### Your instructions
Your reply must hold the lines from the one containing "Cannage Lambskin Black" to the end of the entries, copied exactly, with pictures excluded.

*** Opening Data listing ***

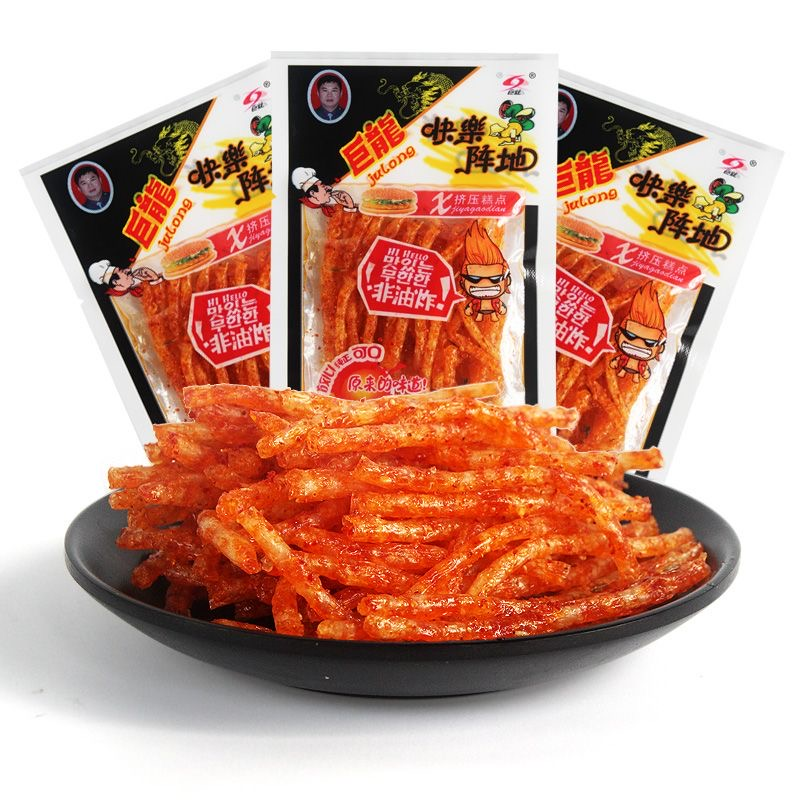 湖南特产巨龙快乐阵地辣条麻辣丝怀旧麻辣面筋休闲小吃零食批发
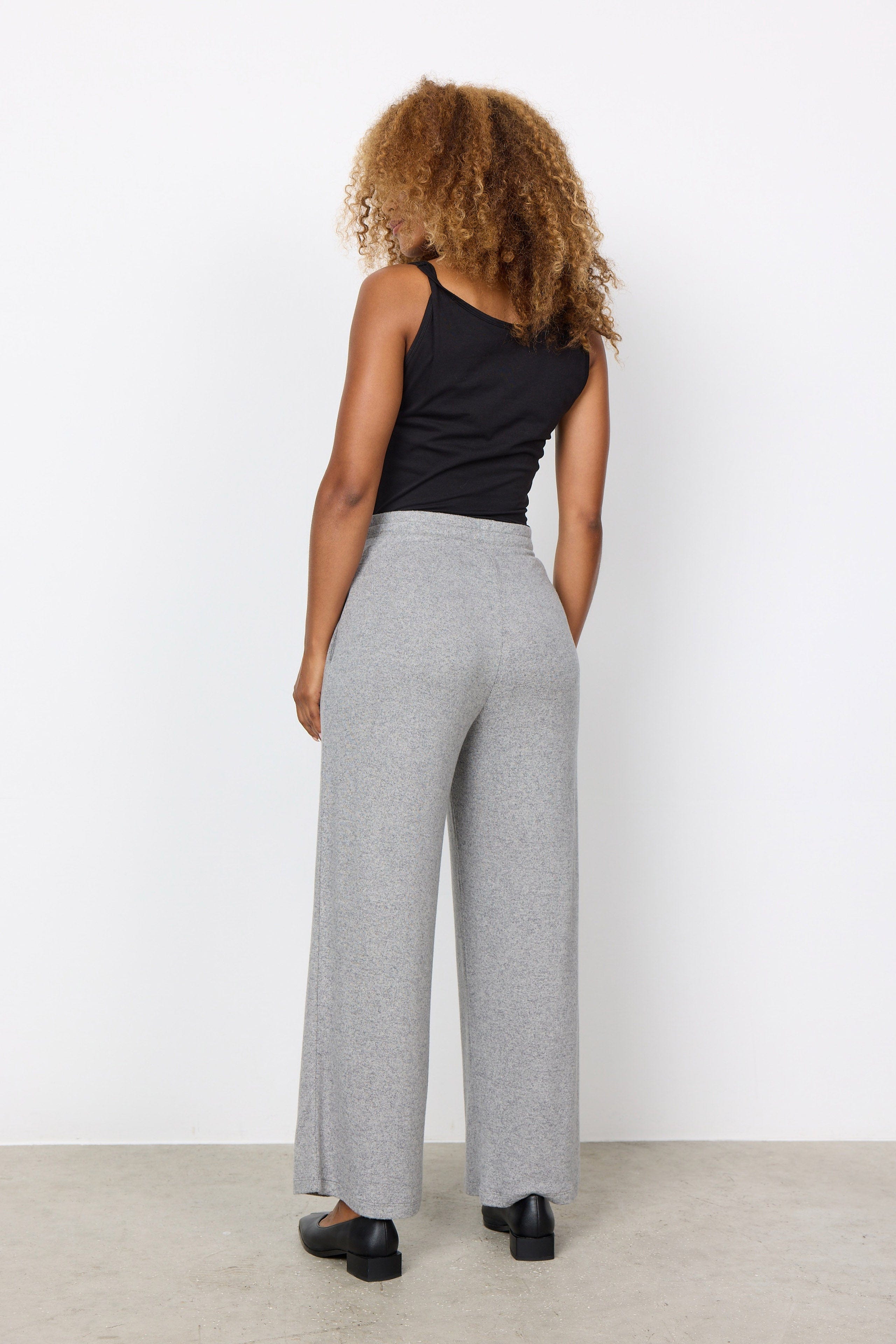 Soya Concept Biara Supersoft Trousers - Mid Grey Melange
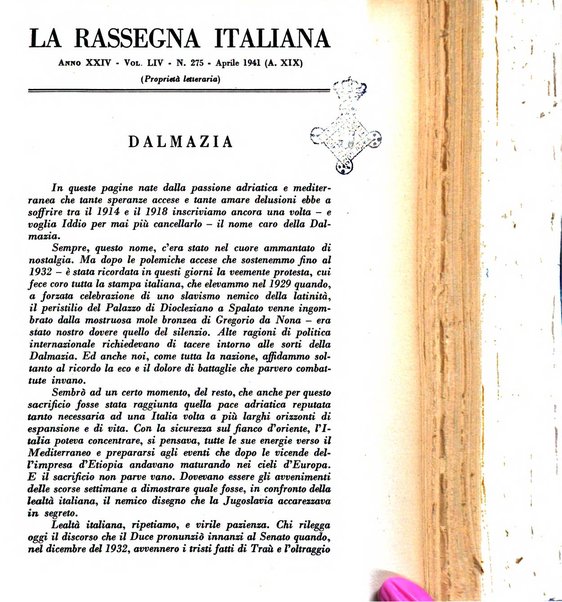 Rassegna italiana politica letteraria e artistica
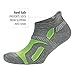 Balega Hidden Contour Impact Resistance / Cushioning Performance No Show Athletic Running Socks for Men and Women (1 Pair), Black/Yellow, Large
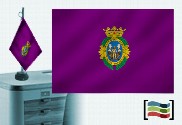 Bandera de Cádiz sobremesa bordada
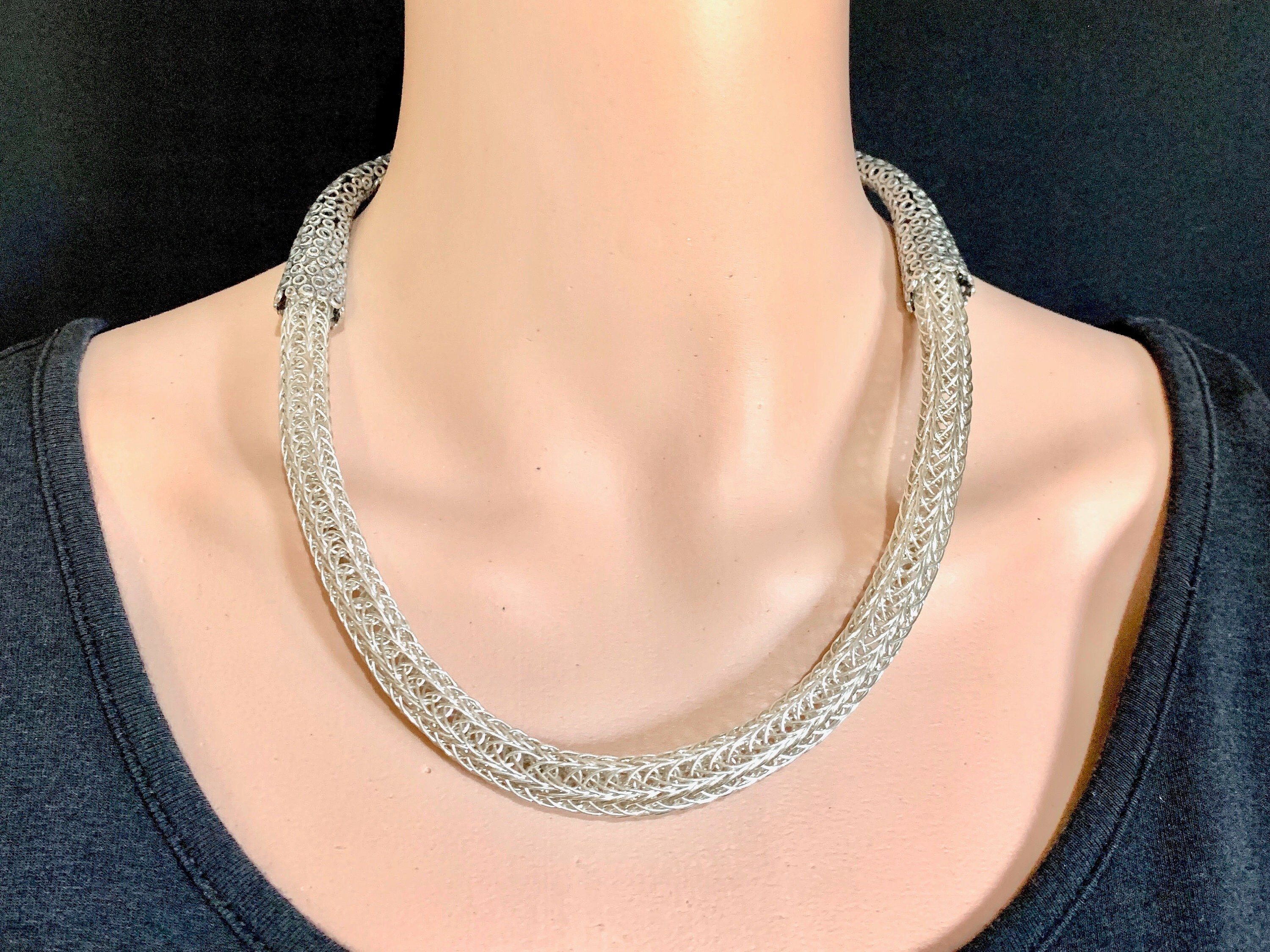 3 Way Sterling Silver Viking Knit and Grey Honora Coin Pearl Necklace, 3 in 1 Pearl Necklace, Viking Knit Necklace, Chain Necklace N477 - Etsy UK 3 Way Sterling Silver Viking Knit and Grey Honora Coin Pearl Necklace, 3 in 1 Pearl Necklace, Viking Knit Necklace, Chain Necklace N477 - Etsy UK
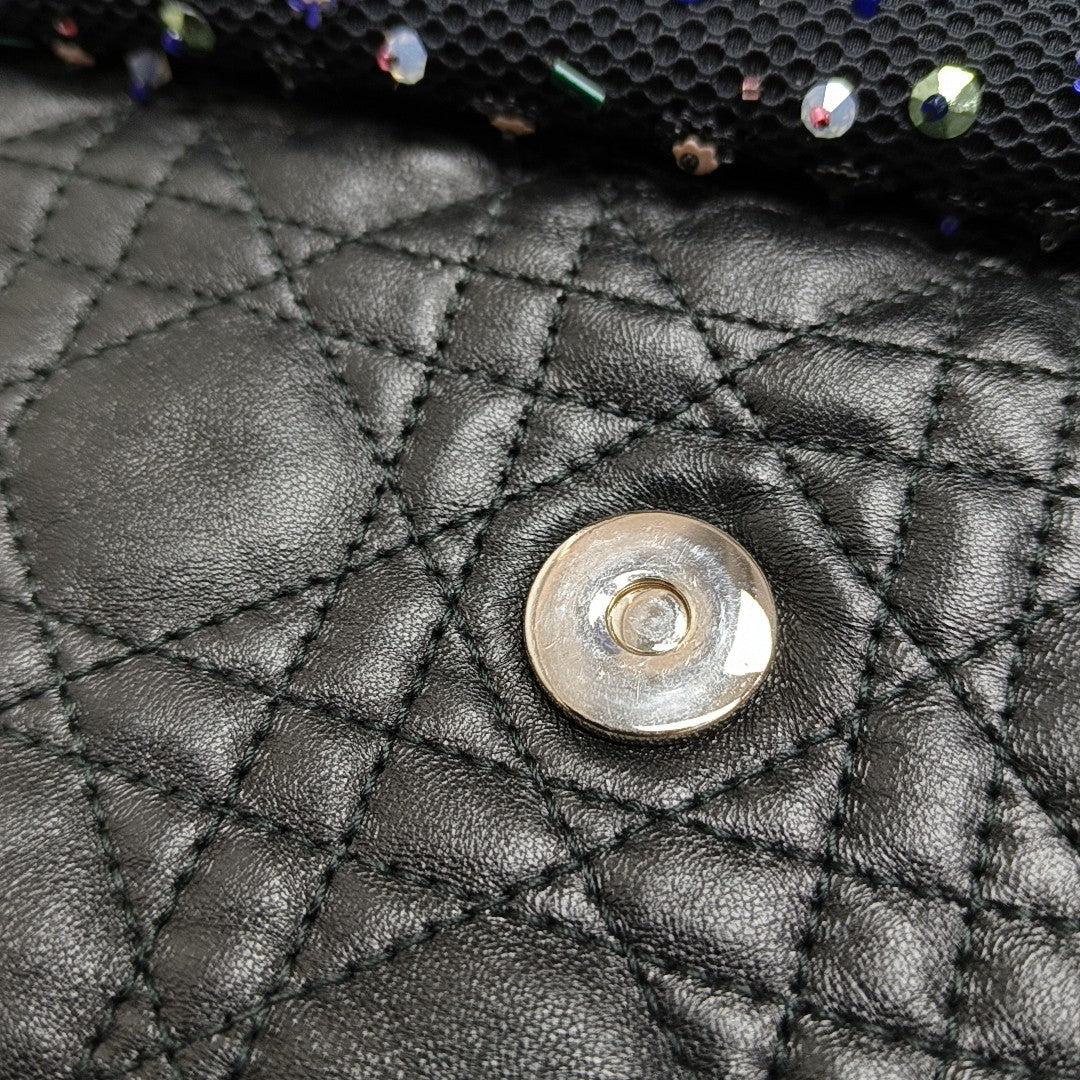 Cannage Lambskin Black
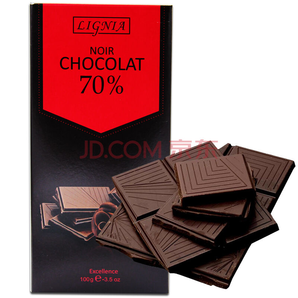 LIGNIA 利妮雅 70%可可非凡黑巧克力 100g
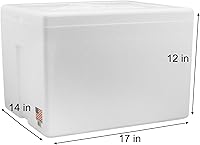 Vista 2 de Styrofoam Cooler, Ice Chest (27qt)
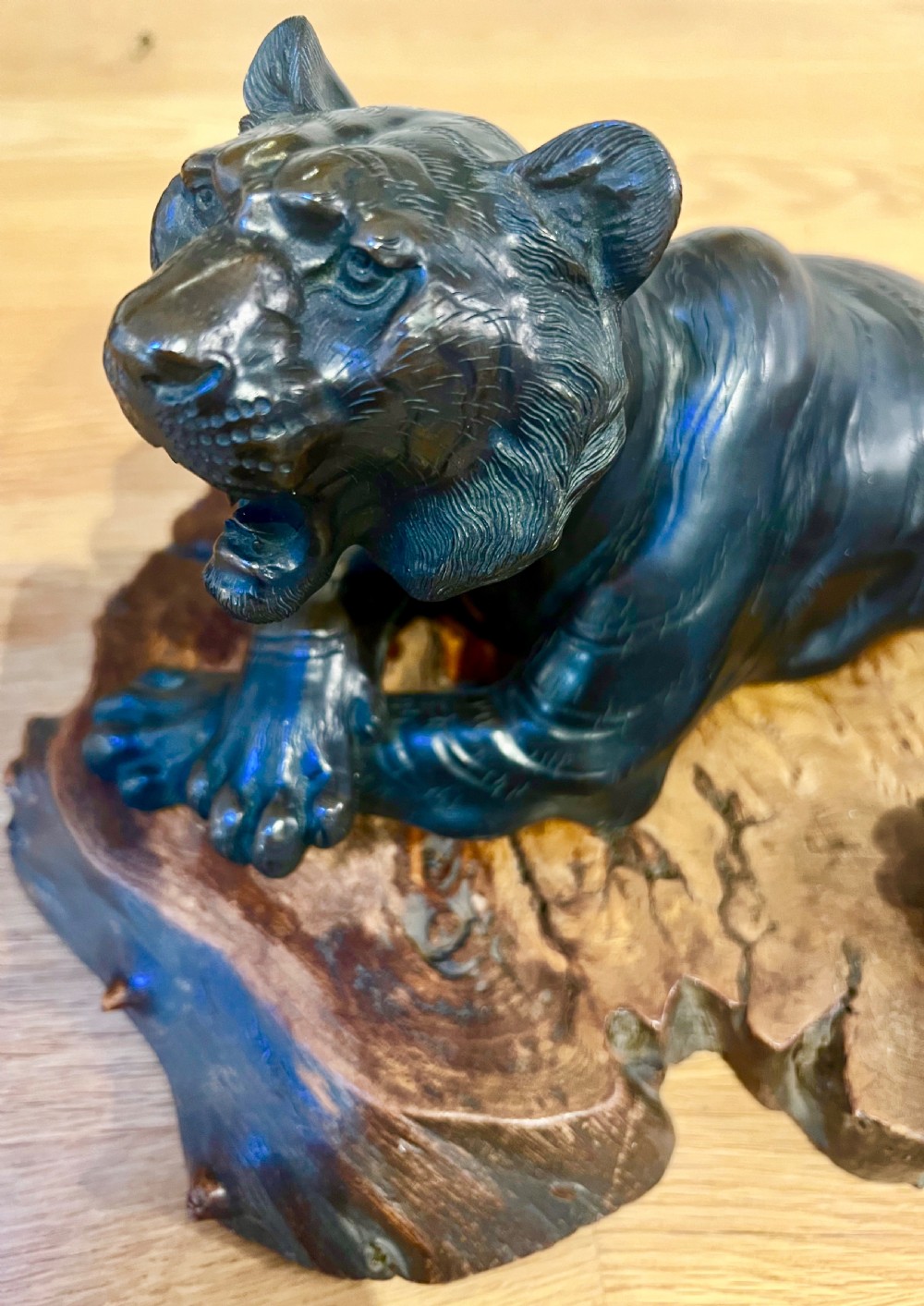 Japanese Meiji Period Bronze Tiger View II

*** Closing Data listing ***

### Task output
 Cannage Lambskin Black
 LIGNIA 利妮雅 70%可可非凡黑巧克力 100g
 Vista 2 de Styrofoam Cooler, Ice Chest (27qt)
 Japanese Meiji Period Bronze Tiger View II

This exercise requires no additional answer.